Print out these full-sized bones and muscles to play “pin the muscles on the body”!
Print out the bones, cut them out, and glue them on the construction paper, connecting more pieces as needed.
Cut the muscles out and distribute them to your students. Make sure you have your thumbtacks or tape ready.
With the skeleton hung up in the front of the class, have your students take turns placing their muscles where they think it goes on the structure.
- States of Matter Crossword Puzzle
Time: 15 minutes
Materials: Printer and writing utensil OR digital tablet
This crossword puzzle is great because it can be used digitally and on paper! Your students will use the 12 vocab words in the box depending on the statement or question. Examples include:
When a liquid is heated, gas bubbles rise in the fluid to escape into the air:
State of matter in which particles are arranged close together but can slide over one another:
A solid begins to melt when the particles start to ____ faster.
How many states of matter are there?
- Amazing Matter: States of Matter Maze Activity
Time: 15- 20 minutes
Materials: Printer, coloring materials that are red, green, and yellow.
With this activity, your children will use colors to fill in each of the squares and then draw a line guiding the mouse through the solid path.
They will color the squares depending on the type of matter referenced.
Liquids = red
Gases = green
Solids = yellow
- Fortune Teller: Volume and Pitch
Time: 20-30 minutes
Materials: Printer, scissors
Follow the instruction to create your fortune-teller! This activity will help children determine the volume and pitch of popular instruments. This is a great game that children can continue to use during class. You can even have them bring it home after class.

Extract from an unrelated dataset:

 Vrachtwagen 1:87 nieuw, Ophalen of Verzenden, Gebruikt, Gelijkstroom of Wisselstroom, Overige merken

- Sound Vocabulary Concentration Game
Time: 20 minutes
Materials: Printer, laminator
After laminating and cutting, shuffle the cards. Place them face down in a grid pattern and have your children take turns picking two at a time and trying to match the word to its definition.
- States of Matter: I Have, Who Has Game
Time: 10-30 minutes
Materials: Printer, laminator, scissors
With this activity, your students will each be given a card. They then have to find their classmate who has the matching card.

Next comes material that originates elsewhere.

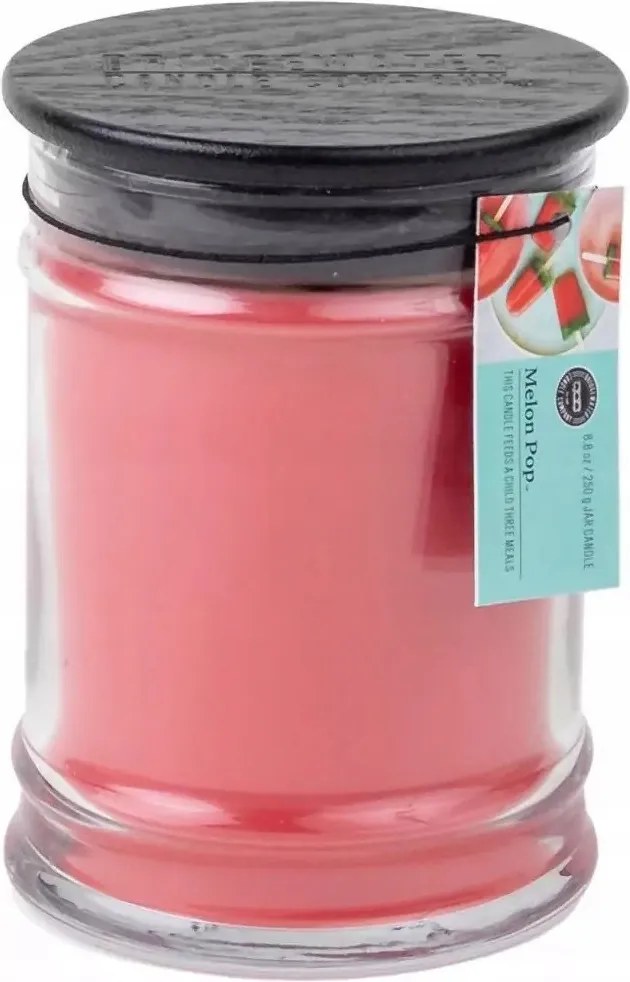 Melon Pop illatgyertya 250g Bridgewater Candle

There are a few ways you can have your children complete this activity.
- Distribute the cards to your students and have them stand up at their desks. They will take turns reading their card out loud. If a student hears a card read that matches their own, they raise their hand and read theirs aloud. If the cards do match, they both sit down.

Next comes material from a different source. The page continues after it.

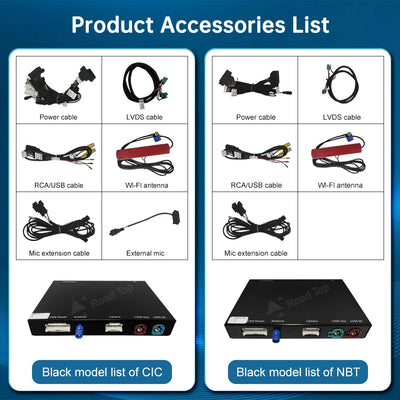 Boîtier CarPlay Android Auto Sans Fil MINI R56 F56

- Distribute the cards to your students, and give them five minutes to find their partner. Once everybody has a partner, have them read their cards out loud. If they make any mistakes, help them find their partner.
- Distribute the cards to your students and have them read their cards out loud. Once they’ve all read their cards, go back to the beginning and have the class pair each student with their card’s matching partner.